I cancelled 1Password today, especially after seeing that they were charging me $60/year. For some reason I thought it was half that. It's just not worth it for me to pay for software that basically quit working reliably 3 months ago anyway. It's sad to see their quality go downhill. I switched to Bitwarden and it seems basically the same, except free.

[…] Roundup of 1Password 8 for Mac Early Access […]

"I find AgileBits’s decision-making process incredibly sad."

If you find AgileBits's decision-making sad, remember that it was Apple -- one of the most well capitalized companies in the world -- that didn't deem it important to deliver SwiftUI on Mac in a timely fashion.

This is all on Apple. AgileBits simply read Apple's actions, not its words.

The trend toward cross-platform tools and frameworks is not going to decrease. Will Apple adapt or resist? (I think we all know the answer.)

And, btw, so much pearl-clutching about a password manager because it scrolls a little slower?

fwiw, various implementations of keepass (db hosted on Google Drive) work really well for me across my Macs and Android devices.

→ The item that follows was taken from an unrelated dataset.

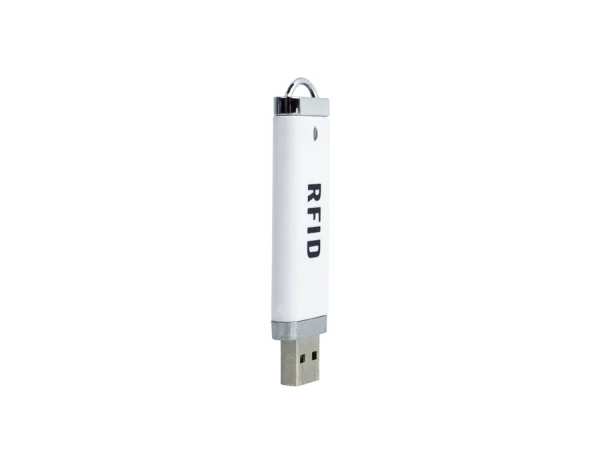 RFID-scanner in de vorm van een USB-stick, compacte HD-RD60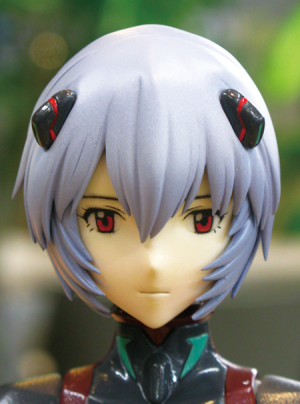 (image for) Ayanami Rei Real Action Heroes (#649)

@Bryan But it's precisely that it's how it works, not how it looks which gives people concern about electron. Ironically (again) the special-casing in Windows screen readers possibly means that the experience with VoiceOver will be inferior regardless of the fact that web technologies have historically required a great deal of attention to make accessible to the same extent (because historically interfaces to web browser engines have been highly document-centric). I would try it, to make sure, only both the app and the Safari extension want 10.15 or higher at minimum and I'm still on Mojave. Oh, well. That it is the future seems to be beyond doubt at this stage. Jordan Rose (quoted above) captures it well. The Windows version 7 is usable, but the browser extension is distinctly unpleasant (the "Classic" approach is no more). It is up in the air, but I'm not optimistic.

I am looking at the KeePass ecosystem. MacPass seems very promising, as does KeePassium.

Maybe AgileBits should wait with version 8, an Electron/web application. Just keep version 7 a little longer. It is by far the best password manager for macOS.

And for the people suggesting using Bitwarden or KeePass: Bitwarden is an Electron application too and KeePass uses the generic Qt framework.

@Orie MacPass is native Cocoa; I too cannot use QT apps.

If it really only works via subscription, I will no longer use the program and look around at competitors.